___ Data section ___

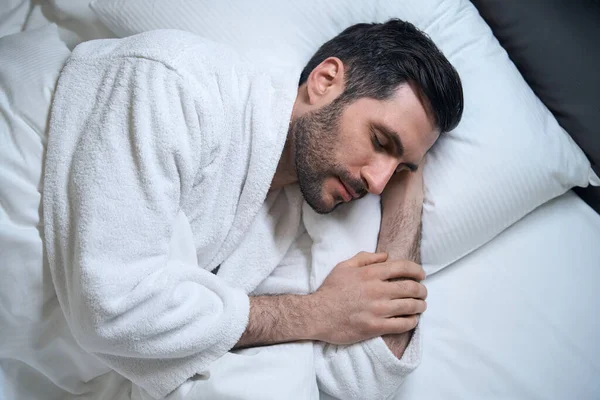 疲れた中年男性は柔らかい枕の上でベッドで眠り 彼は彼の側に横たわっています — ストック写真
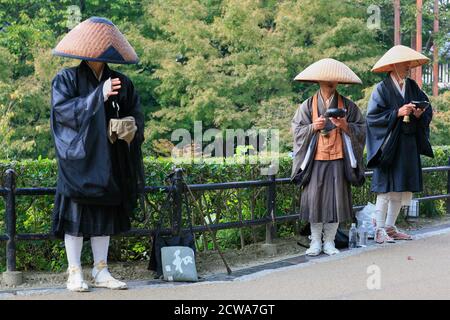 Kyoto, Giappone - 23 novembre 2007: I monaci buddisti Zen praticano il takuhatsu in abiti tradizionali e cappelli di paglia. Scambiò canti di sutra per donat Foto Stock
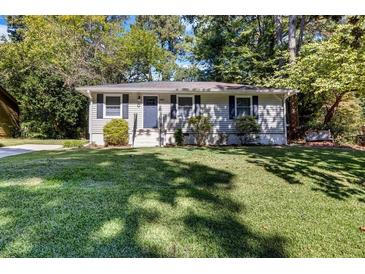 Ranch style home with a well-manicured lawn and mature trees at 1003 Springdale Dr, Marietta, GA 30062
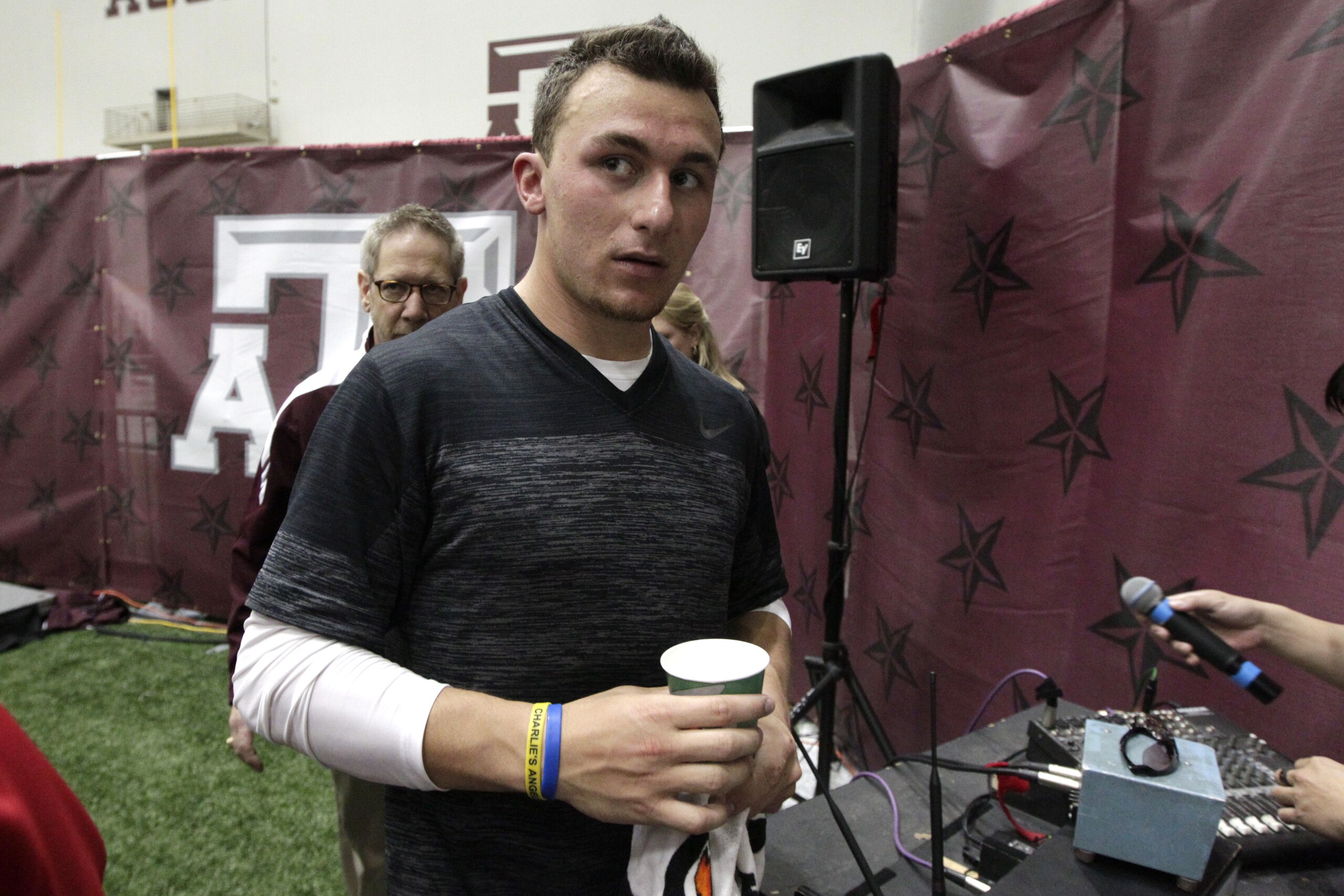 Texas A&M quarterback Johnny Manziel leaves the McFerrin Athletic Center after pro day for NFL football representatives in College Station, Texas, Thursday, March 27, 2014. (AP Photo/Patric Schneider)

___

▸ Task item
Write out the data above exactly as it appears, but without any image.

▸ Reply
 疲れた中年男性は柔らかい枕の上でベッドで眠り 彼は彼の側に横たわっています — ストック写真
 Kyoto, Giappone - 23 novembre 2007: I monaci buddisti Zen praticano il takuhatsu in abiti tradizionali e cappelli di paglia. Scambiò canti di sutra per donat Foto Stock
 Ranch style home with a well-manicured lawn and mature trees at 1003 Springdale Dr, Marietta, GA 30062
 Texas A&M quarterback Johnny Manziel leaves the McFerrin Athletic Center after pro day for NFL football representatives in College Station, Texas, Thursday, March 27, 2014. (AP Photo/Patric Schneider)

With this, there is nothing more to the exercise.